(DATA SHOWN):
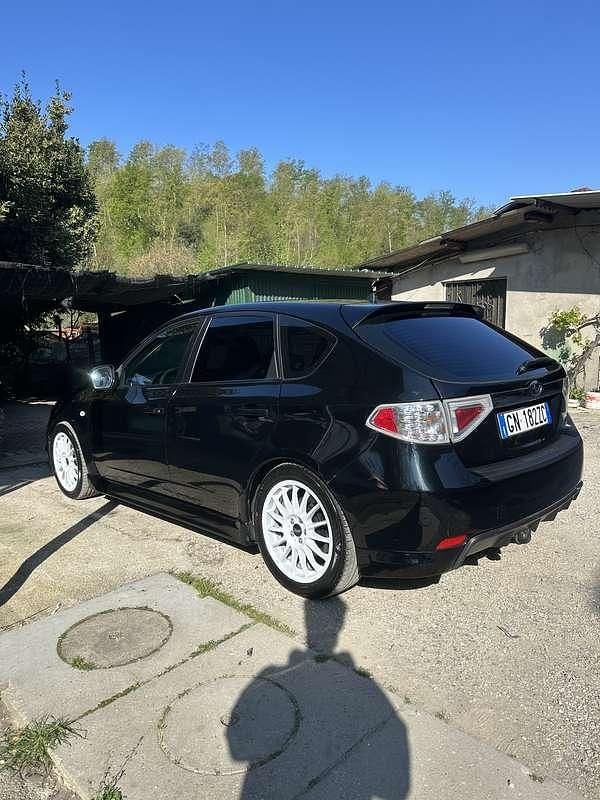 Usata Subaru Impreza Sport 150 CV (110 kW) 2011 Berlina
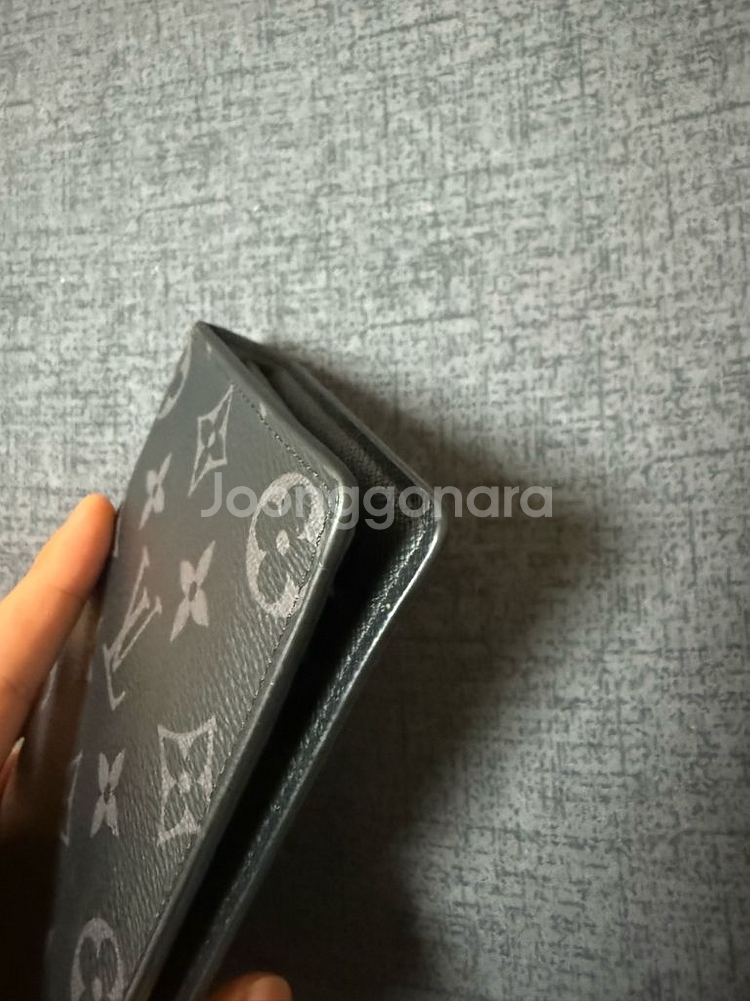 루이비통 브라짜 월닛 장지갑--5
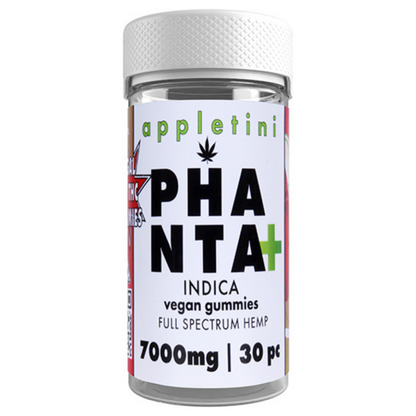 Phanta D9 + D8 Full Spectrum Gummies 7000mg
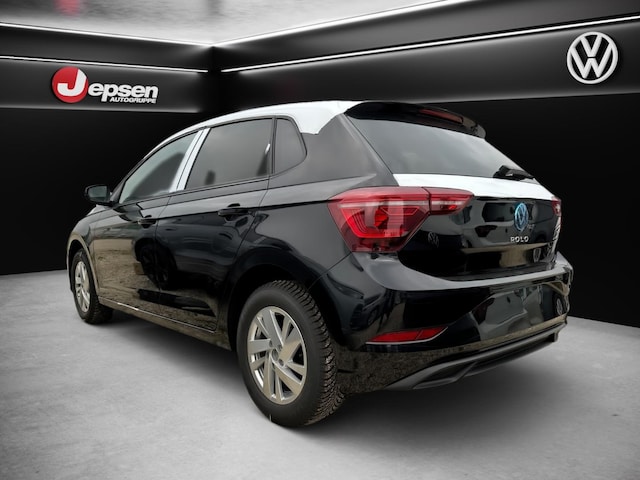 Volkswagen Polo TSI RearView LED ACC SHZ PDC NEBEL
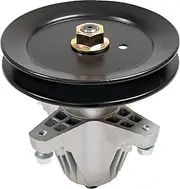 Stens New Spindle Assembly 285-868 Compatible with Cub Cadet CC30 Mini Rider, LTX1040, LTX1042, EZT-L42, 17AF2ACS, 17AF2ACS010, 17WF2ACS, 17WF2ACS009, MTDmost 700 Series, 2010, Newer 618-04822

(WHAT YOU NEED TO DO):
What is needed is an exact transcription of the lines from the one holding "Phanta D9 + D8 Full Spectrum Gummies 7000mg" to the end of the data, with every picture left out.

(THE ANSWER):
 Phanta D9 + D8 Full Spectrum Gummies 7000mg
 Volkswagen Polo TSI RearView LED ACC SHZ PDC NEBEL
 Stens New Spindle Assembly 285-868 Compatible with Cub Cadet CC30 Mini Rider, LTX1040, LTX1042, EZT-L42, 17AF2ACS, 17AF2ACS010, 17WF2ACS, 17WF2ACS009, MTDmost 700 Series, 2010, Newer 618-04822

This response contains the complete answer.